**What is needed:** The response must be the exact lines from the line holding "Book cover of: Research" through the end of the entries, with no pictures and nothing else.

**Scraped caption text data:**
================
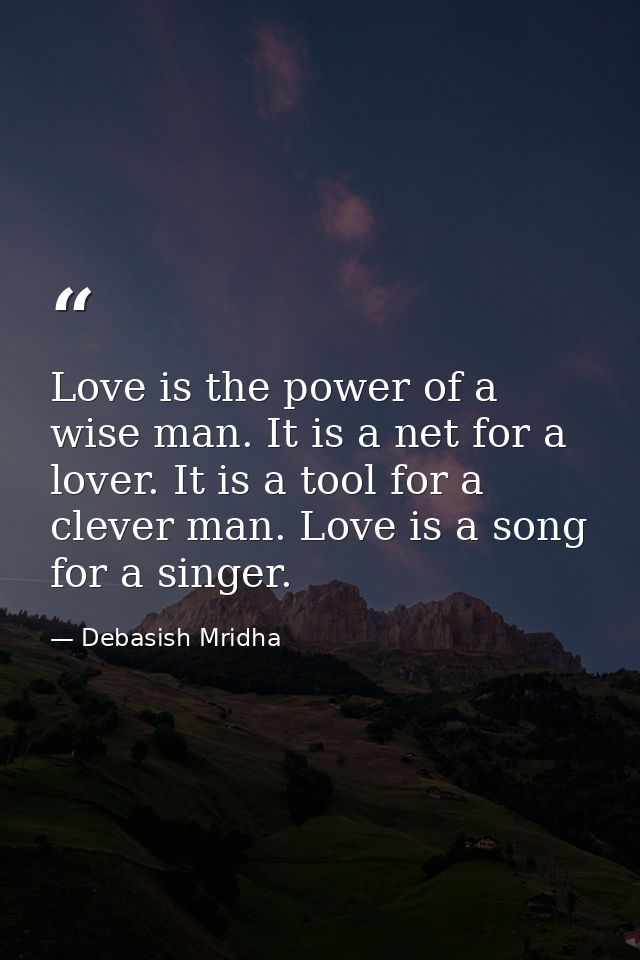 Love is the power of a wise man. It is a net for a lover. It is a tool for a clever man. Love is a song for a singer. — Debasish Mridha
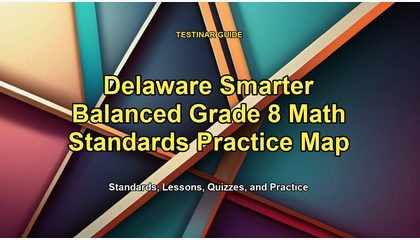 Delaware Smarter Balanced Grade 8 Math Standards Practice Map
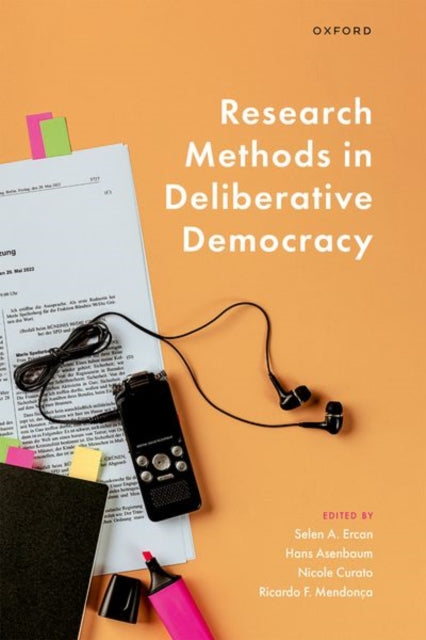 Book cover of: Research Methods in Deliberative Democracy. By: Selen A. Ercan
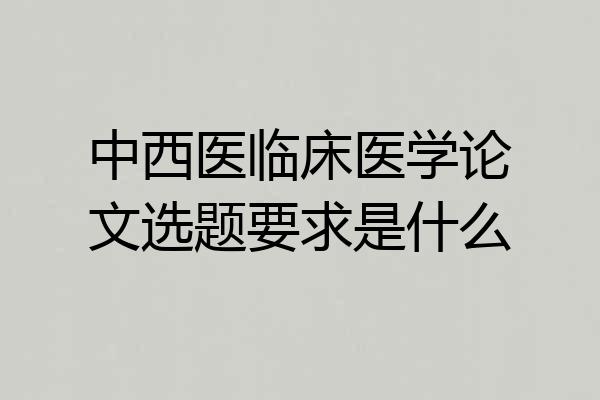 中西医临床医学论文选题要求是什么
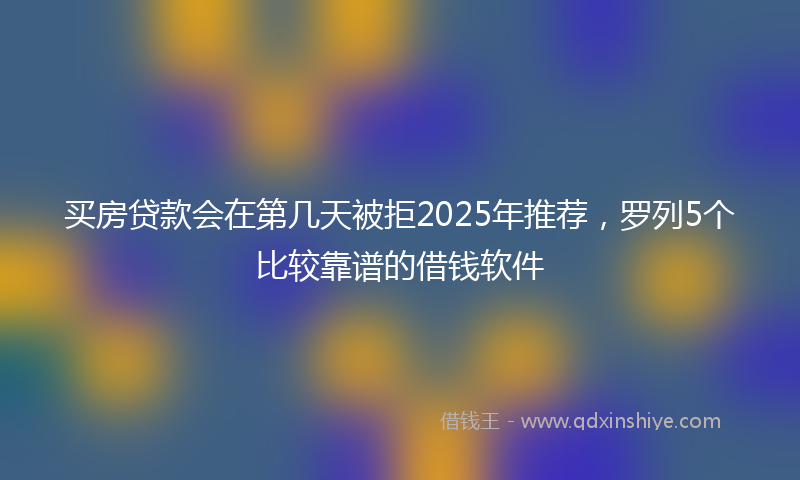 买房贷款会在第几天被拒2025年推荐，罗列5个比较靠谱的借钱软件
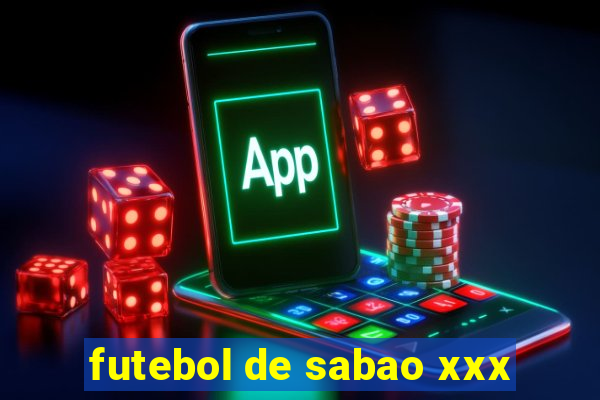 futebol de sabao xxx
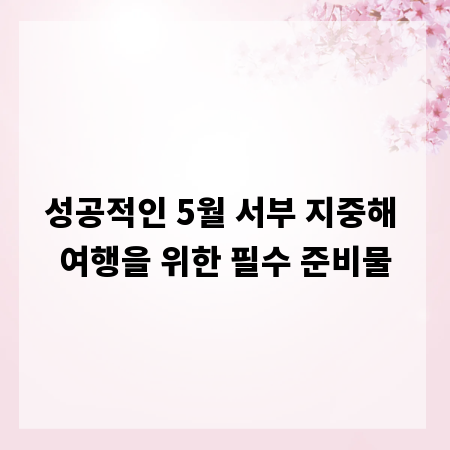 성공적인 5월 서부 지중해 여행을 위한 필수 준비물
================
**Task result:**
 Book cover of: Research Methods in Deliberative Democracy. By: Selen A. Ercan
 中西医临床医学论文选题要求是什么
 买房贷款会在第几天被拒2025年推荐，罗列5个比较靠谱的借钱软件
 futebol de sabao xxx
 성공적인 5월 서부 지중해 여행을 위한 필수 준비물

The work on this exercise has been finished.